As palmeiras foram localizadas durante atividade de campo realizada em parceria entre a Universidade Federal do Rio de Janeiro (UFRJ) e a Universidade Federal do Acre (Ufac), com apoio do Instituto Chico Mendes de Conservação da Biodiversidade (ICMBio). A descoberta ocorreu em uma unidade de conservação federal de proteção integral, onde a visitação é restrita a fins educacionais e científicos.
Segundo a pesquisadora Rita Portela, professora do Programa de Pós-Graduação em Ecologia da UFRJ, o nível de conservação da área é determinante para a ocorrência do fenômeno. “Nunca estive em uma unidade tão bem conservada. Isso propicia uma maior variabilidade de metabolismo e de fisiologia dos indivíduos de uma espécie”, afirmou. De acordo com ela, os registros de albinismo em plantas, até então, estavam associados principalmente a cultivos, como tabaco e cacau, ou a espécies mantidas em laboratório.
A ouricuri é considerada um recurso importante no ecossistema local, servindo de alimento para diversas espécies da fauna, como araras e macacos. No entanto, o albinismo representa um desafio biológico, pois a falta de clorofila impede que a planta realize o processo natural de produção de energia por meio da fotossíntese.
Monitoramento e apoio à pesquisa
Após a identificação dos exemplares, a equipe da Esec Rio Acre informou que os agentes temporários da unidade irão acompanhar a evolução das palmeiras albinas, observando as condições de sobrevivência ao longo do tempo.

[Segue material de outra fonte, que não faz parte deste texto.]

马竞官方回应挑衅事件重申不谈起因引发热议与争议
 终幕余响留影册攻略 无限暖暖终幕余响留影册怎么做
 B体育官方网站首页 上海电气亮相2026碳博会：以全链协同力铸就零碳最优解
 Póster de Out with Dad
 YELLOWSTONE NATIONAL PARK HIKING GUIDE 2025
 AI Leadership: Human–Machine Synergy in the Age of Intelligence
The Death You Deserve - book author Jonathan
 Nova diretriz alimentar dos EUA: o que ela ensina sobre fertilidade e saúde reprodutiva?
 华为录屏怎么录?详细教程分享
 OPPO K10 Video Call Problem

A missão científica contou com financiamento do Programa Áreas Protegidas da Amazônia (Arpa), coordenado pelo Ministério do Meio Ambiente e da Mudança do Clima (MMA), com gestão financeira do Fundo Brasileiro para a Biodiversidade (Funbio). O programa apoia atualmente 120 unidades de conservação federais e estaduais na Amazônia brasileira, incluindo ações de pesquisa, gestão e fiscalização.
Sobre a Esec Rio Acre
Criada em 1981, a Estação Ecológica Rio Acre protege uma área de quase 80 mil hectares. Classificada como floresta ombrófila aberta, a unidade apresenta forte presença de palmeiras e bambus e mantém acesso restrito, com interferência humana limitada a ações de restauração, preservação ecológica e coleta de material para fins científicos.
Registros recentes de onças-pintadas em comportamento de caça também foram feitos na área, indicando a manutenção do equilíbrio ecológico na unidade de conservação.